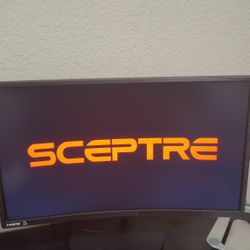 Sceptre C249W-1920RN monitor rarely used
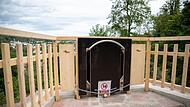 XXL-Rutschen im Stadtgarten Calw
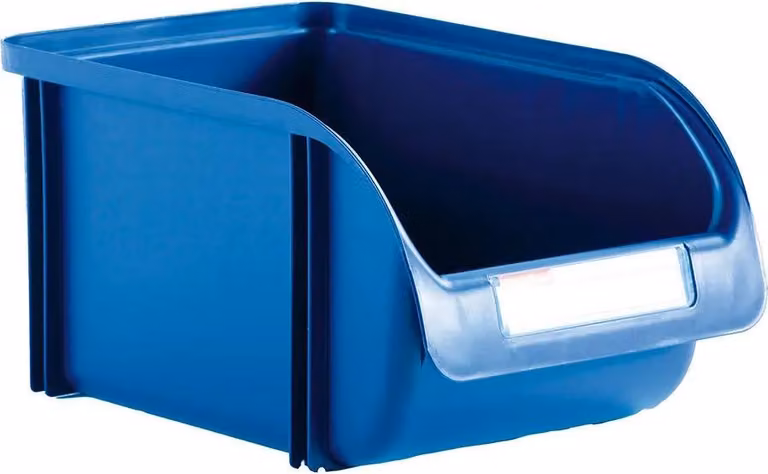 Contenitore 22cm blu titanio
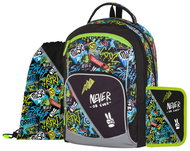 OXYBAG School set 3 pcs OXY GO Funny Boy - School Set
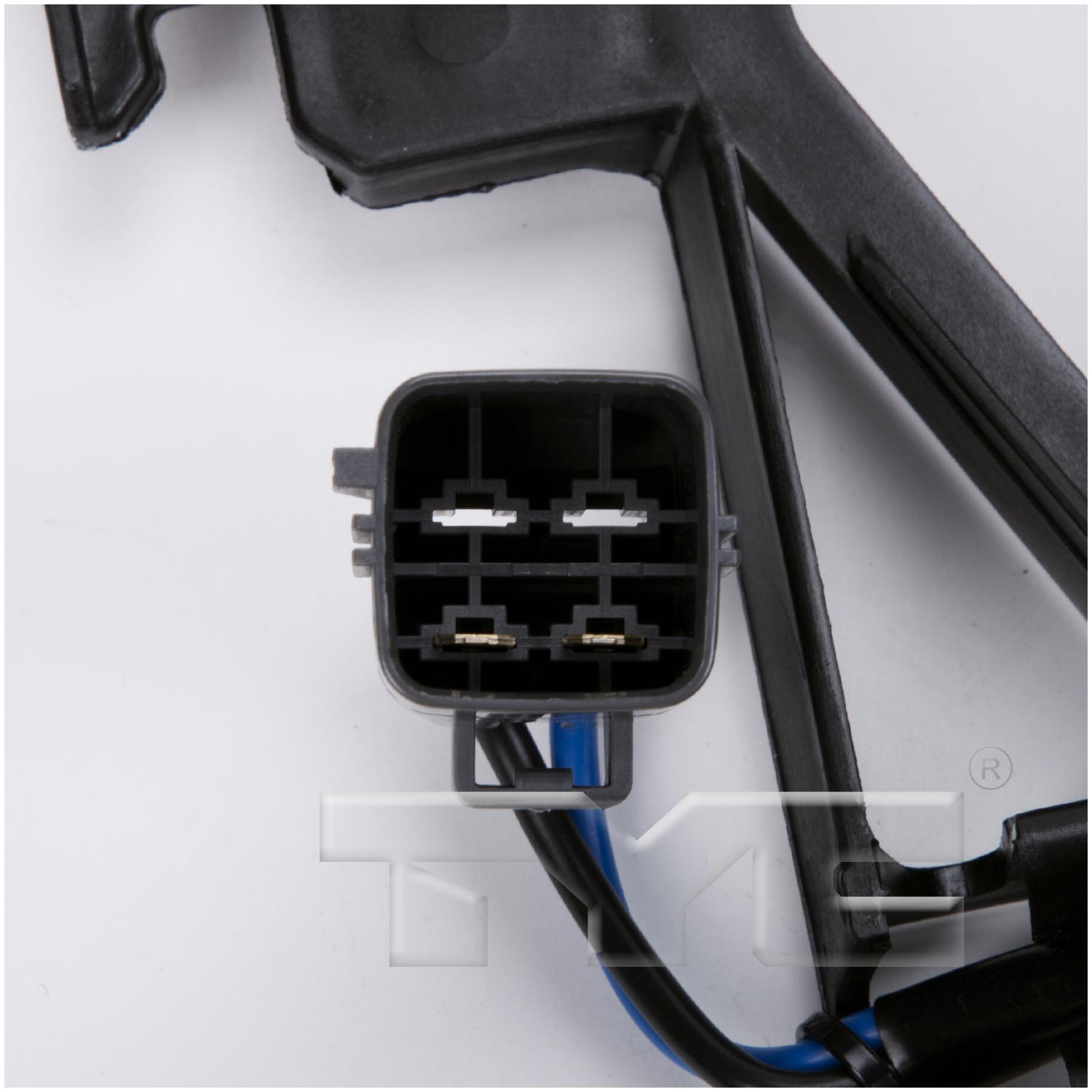 TYC 622360 Dual Radiator and Condenser Fan Assembly product image 3 of 3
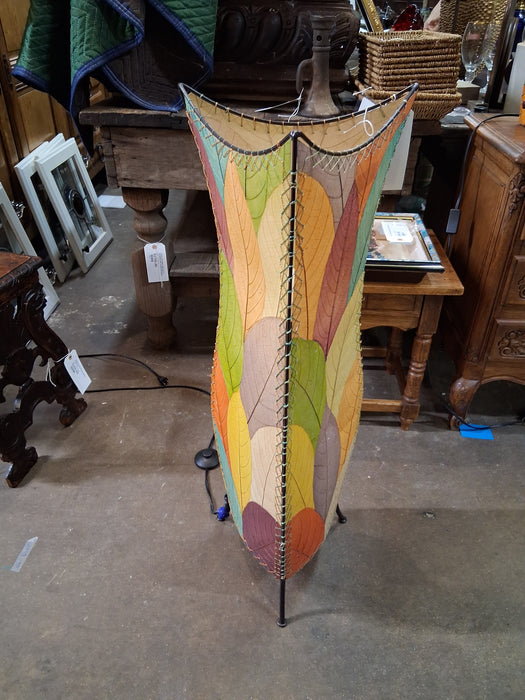 TROPICAL LEAF FLOOR LAMP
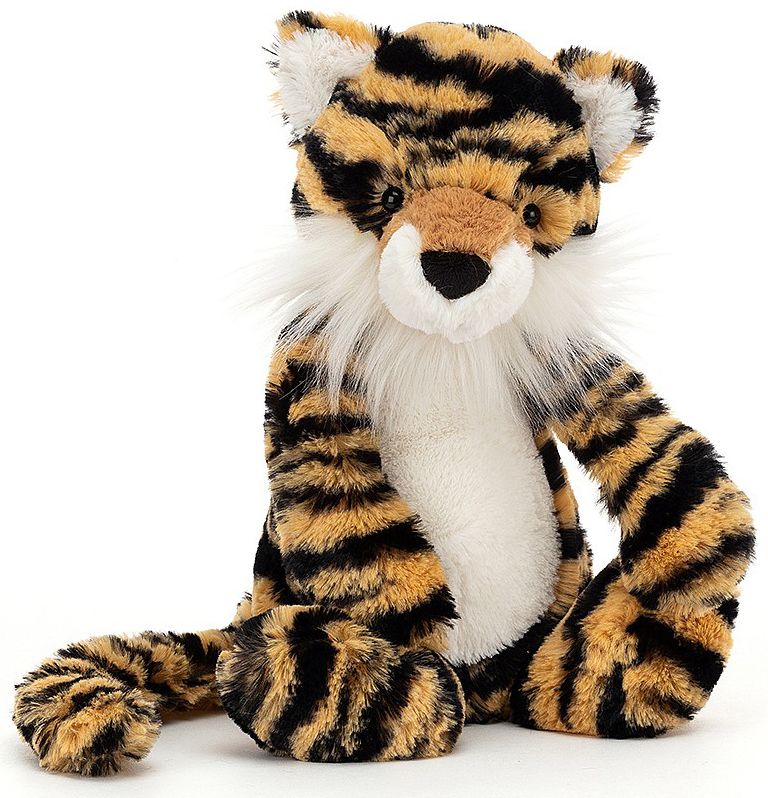 Jellycat Soft Toy - Bashful Tiger (32cm tall)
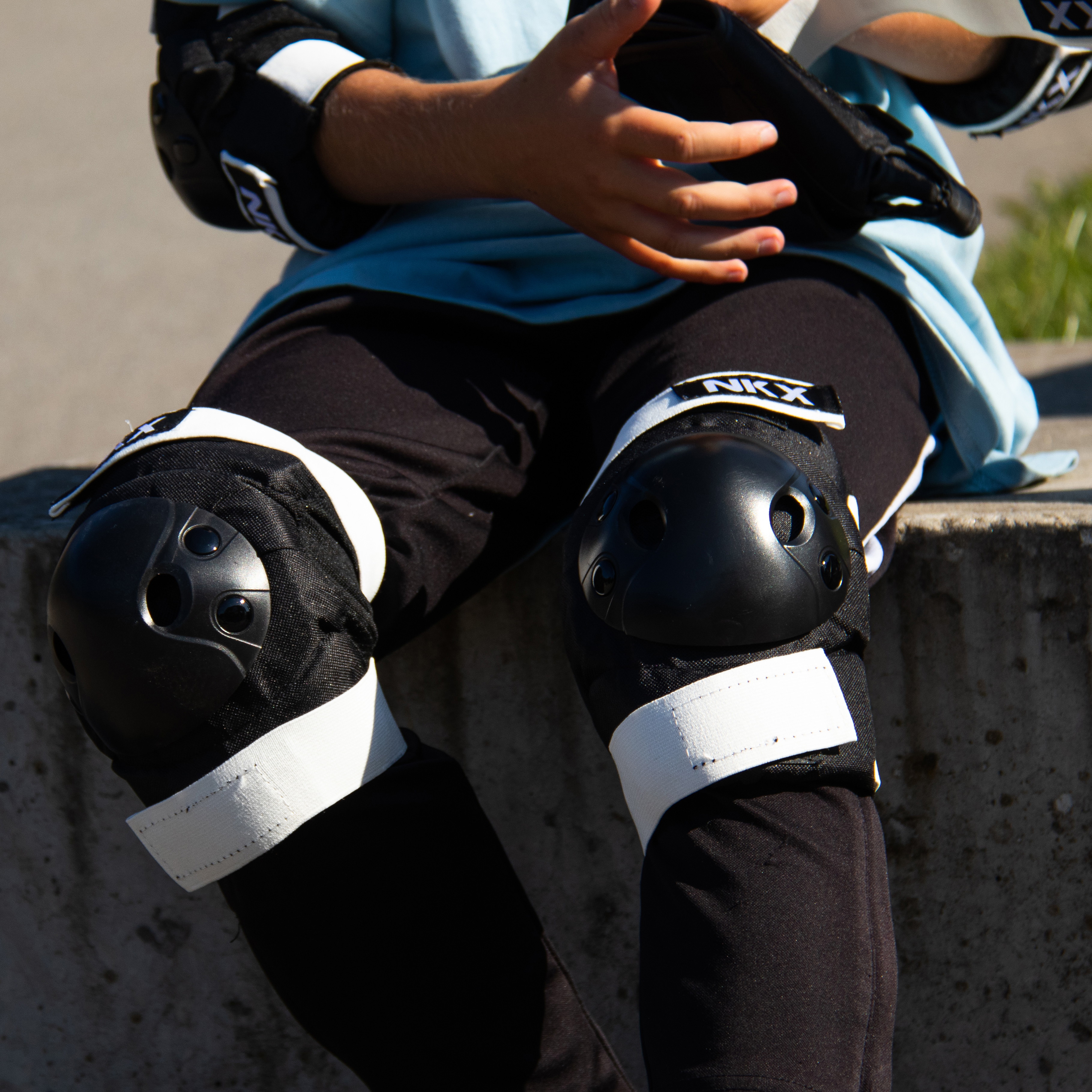 NKX Pro Ginocchiere per Bambini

.....

* **ACTIVITY**: When you reproduce the entries above, keep every word exact and leave the images out.

* **TASK RESPONSE**:
 Sceptre C249W-1920RN monitor rarely used
 XXL-Rutschen im Stadtgarten Calw
 Contenitore 22cm blu titanio
 OXYBAG School set 3 pcs OXY GO Funny Boy - School Set
 TYC 622360 Dual Radiator and Condenser Fan Assembly product image 3 of 3
 TROPICAL LEAF FLOOR LAMP
 Jellycat Soft Toy - Bashful Tiger (32cm tall)
 NKX Pro Ginocchiere per Bambini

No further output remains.